Smooth operator: Midleton releases the ‘rarest whiskey in the world’
Originally appeared on Wallpaper*
Old Midleton Distillery’s doors have been opened for one last collection, never to be seen – or tasted – again
There’s something very special coming out of Ireland. The doors of Old Midleton Distillery, closed in 1975, have been reopened by Master Distiller Brian Nation to celebrate the work of his predecessors in the now silent distillery, and to reflect on Irish whiskey’s deserved place at the industry’s top table.

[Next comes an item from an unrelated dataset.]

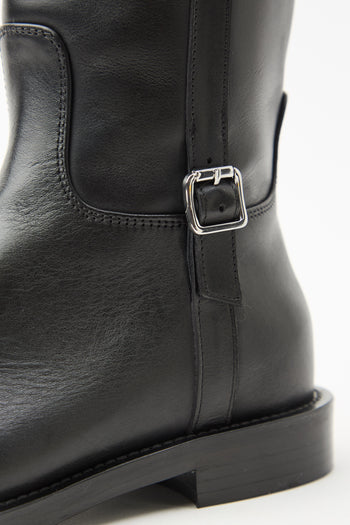 Guglielmo Rotta Stivale Black Donna - 6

The Midleton Very Rare Silent Collection will consist of six whiskeys aged between 45 and 50 years, forming Irish whiskey’s oldest collection, with a new release annually until 2025, Old Midleton Distillery’s 200th birthday. The Silent Collection is a reference to Old Midleton’s status as a silent distillery: one that has closed its doors, ceasing production. As time passes, the liquid left inside the walls of a silent distillery becomes highly sought after for its taste, prestige and rarity, with such spirits known as unicorn whiskeys. While other silent distilleries rise from the ashes and restart production, Old Midleton has been fully decommissioned. Its stills will lie empty: the Collection marks the last drops of the distillery’s finest innovations.
The first in the Collection, released this month, is a rare beast indeed: a 45-year old peated Irish single malt. At the time, this was almost unheard of in the Irish whiskey world, and is still very much a rarity in the industry. Laid down in 1974, the spirit was the culmination of a series of trials by Master Distiller Emeritus Max Crockett, with his experimentation in peated spirits between 1964 and 1974 finally coming to light.
The whiskey is a family endeavour, with Max’s son, master distiller emeritus Barry Crockett, sourcing the peat for the 45-year-old expression while learning the trade off his father – who also happened to be the forefather of modern-day Irish whiskey. Now, current master distiller Brian Nation has had the privilege of caring for, sampling and bottling a spirit that has been waiting to be shared for five decades.
‘One of the most wondrous parts of my job is that I’m often responsible for safekeeping the legacy of another,’ Brian explains at a dinner to celebrate the release. ‘For many years now, my colleagues and I have been caring for the work of Max and Barry Crockett, to determine the optimum time to share it with the world.
‘Having monitored and sampled the liquid over the years, we’ve found that it’s the ultimate tribute to the dedication, precision and craftsmanship at Old Midleton Distillery. It’s among the very last remaining whiskey distilled through the largest pot still in the world. This makes it one of the world’s rarest whiskeys by its very nature. With notes of ripe honeydew melon, red berries and sweet spices of toasted oak, it would be a shame not to share this expression with the world.’
Barry Crockett, too, is pleased with the results: ‘It’s remarkable that 45 years on we could even be speaking about a whiskey which was distilled in the very final period of the Old Midleton Distillery. It is the ultimate heirloom and memento of the dedication to precise malt preparation, brewing and distillation skills of generations of distillers at Midleton.’
There are only 48 bottles of the expression, with 44 for sale, making this the rarest whiskey in the collection. It’s only fair, then, that the spirit gets the very best treatment, with Midleton staying true to Irish heritage and craftsmanship: the decanter has been designed by Waterford Crystal, each example a hand-blown, etched, unique work of art, and comes displayed in a wooden cabinet handcrafted by Irish designer John Galvin, using wood from reclaimed whiskey vats up to 200 years old.
87 per cent of the cask’s contents have disappeared, taken as the angel’s share over the years. Tasting the whiskey, you can’t help but be jealous of those angels having all the fun. The nose is full of richness, an oak base layered by deep, dark spices and the comforting scent of fresh peat. Having lay dormant in third-fill sherry casks for 45 years, a punch of red berries comes through, along with a touch of honeydew melon. When you finally get to the taste, you’re enveloped by pepper and spice that softens as the malted barley brings forward barley sugar and honey notes, built on that foundation of toasted oak. The finish lingers, the pepper and sweetness combining to coat the mouth long after you’ve finished the dram.
Stood before his lucky guests and the Waterford Crystal decanter, Brian put it best: ‘The glass in front of you contains 25ml of the rarest Irish whiskey in existence. To be able to release this when Irish whiskey is in such a buoyant state is truly an honour and a privilege. It is the pinnacle of Irish whiskey.’ Having had three legends of Irish whiskey working on it for more than five decades, it’s hard to argue.